_Problem_
In the material below, find the span from the line with "Exceptional Price Per" to the line with "Apartments Ljubica - Two-Bedroom" and transcribe only those lines, exactly, ends included, without the pictures.

[Data for analysis — start]

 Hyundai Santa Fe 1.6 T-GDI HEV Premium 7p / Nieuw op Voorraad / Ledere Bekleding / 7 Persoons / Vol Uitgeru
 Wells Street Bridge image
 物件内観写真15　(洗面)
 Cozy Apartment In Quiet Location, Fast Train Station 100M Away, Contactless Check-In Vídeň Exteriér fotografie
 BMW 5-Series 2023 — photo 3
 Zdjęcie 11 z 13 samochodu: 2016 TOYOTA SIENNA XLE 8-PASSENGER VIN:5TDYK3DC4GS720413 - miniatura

[Data for analysis — finish]
[Data for analysis — start]

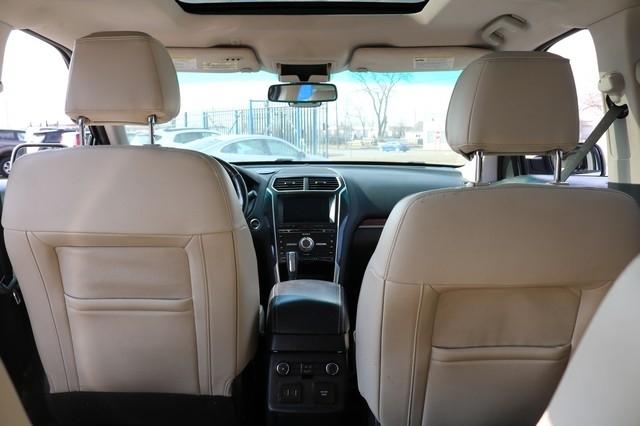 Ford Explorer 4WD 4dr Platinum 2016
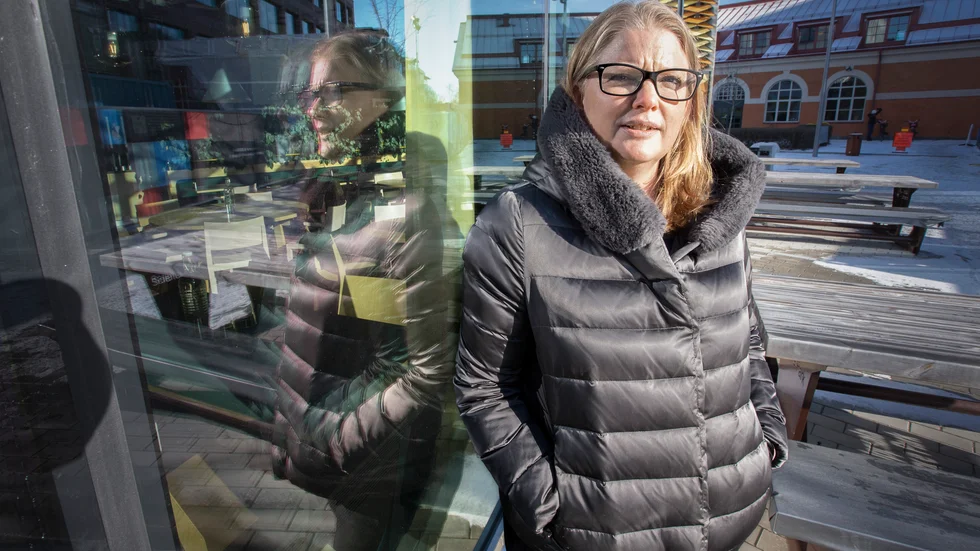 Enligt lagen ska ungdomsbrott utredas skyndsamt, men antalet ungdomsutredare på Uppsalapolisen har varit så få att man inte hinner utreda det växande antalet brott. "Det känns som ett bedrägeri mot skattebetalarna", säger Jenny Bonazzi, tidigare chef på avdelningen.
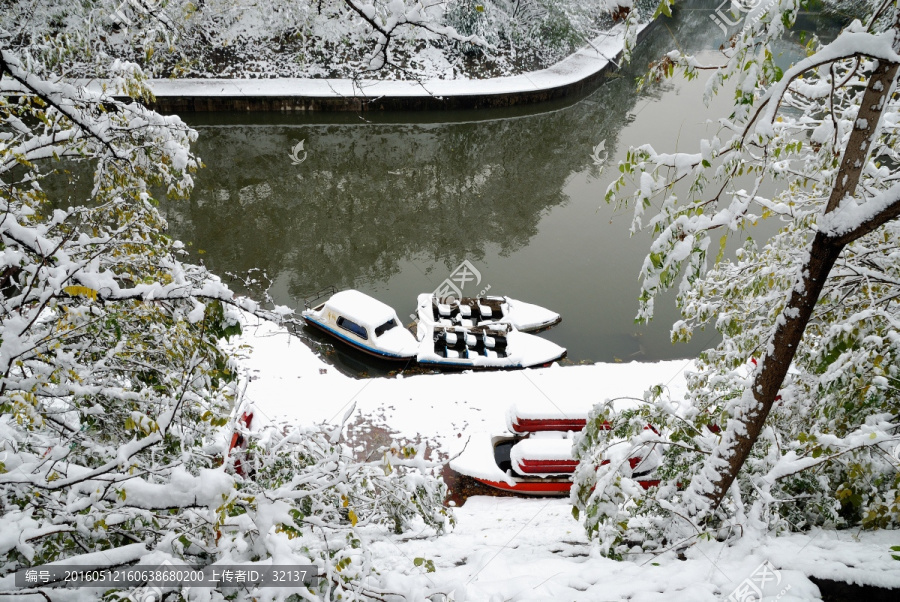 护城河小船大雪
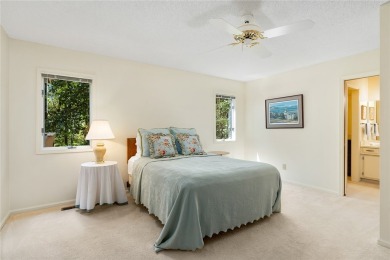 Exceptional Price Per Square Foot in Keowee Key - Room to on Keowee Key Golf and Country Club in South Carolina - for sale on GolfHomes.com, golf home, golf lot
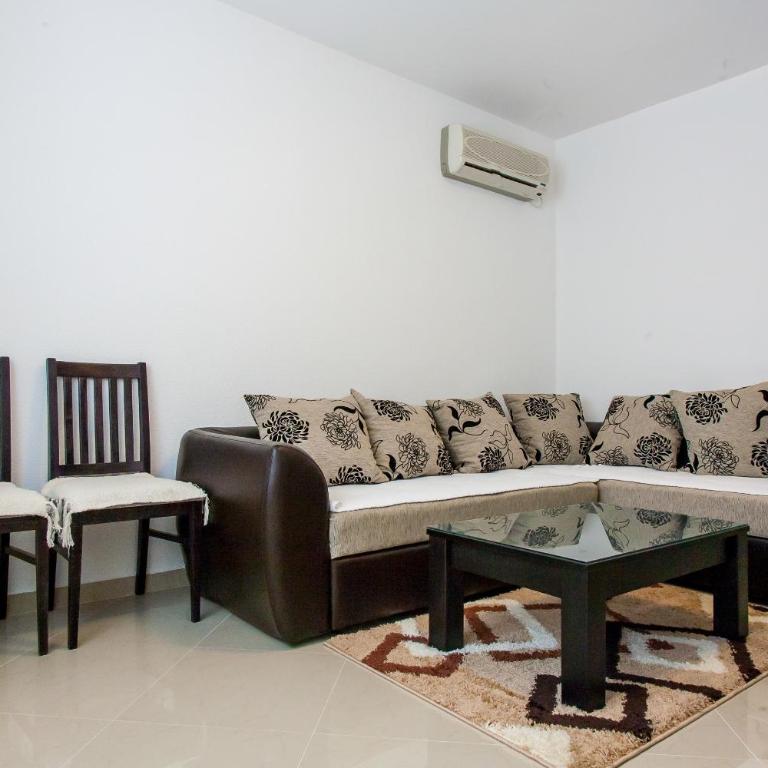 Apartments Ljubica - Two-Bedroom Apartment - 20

[Data for analysis — finish]
[Data for analysis — start]

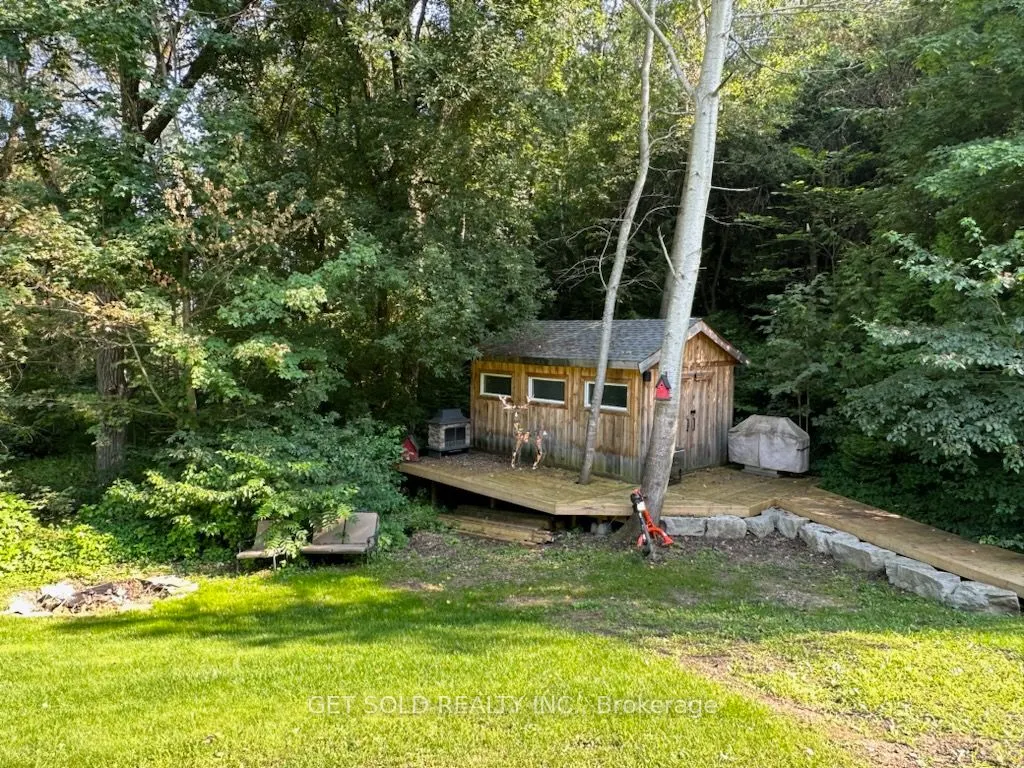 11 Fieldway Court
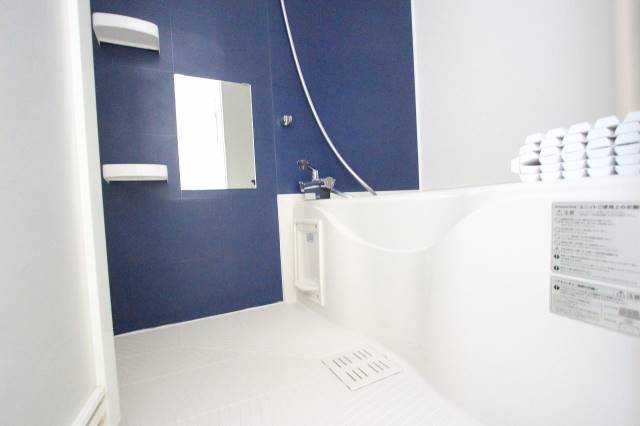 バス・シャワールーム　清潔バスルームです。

[Data for analysis — finish]

_Completed exercise_
 Exceptional Price Per Square Foot in Keowee Key - Room to on Keowee Key Golf and Country Club in South Carolina - for sale on GolfHomes.com, golf home, golf lot
 Apartments Ljubica - Two-Bedroom Apartment - 20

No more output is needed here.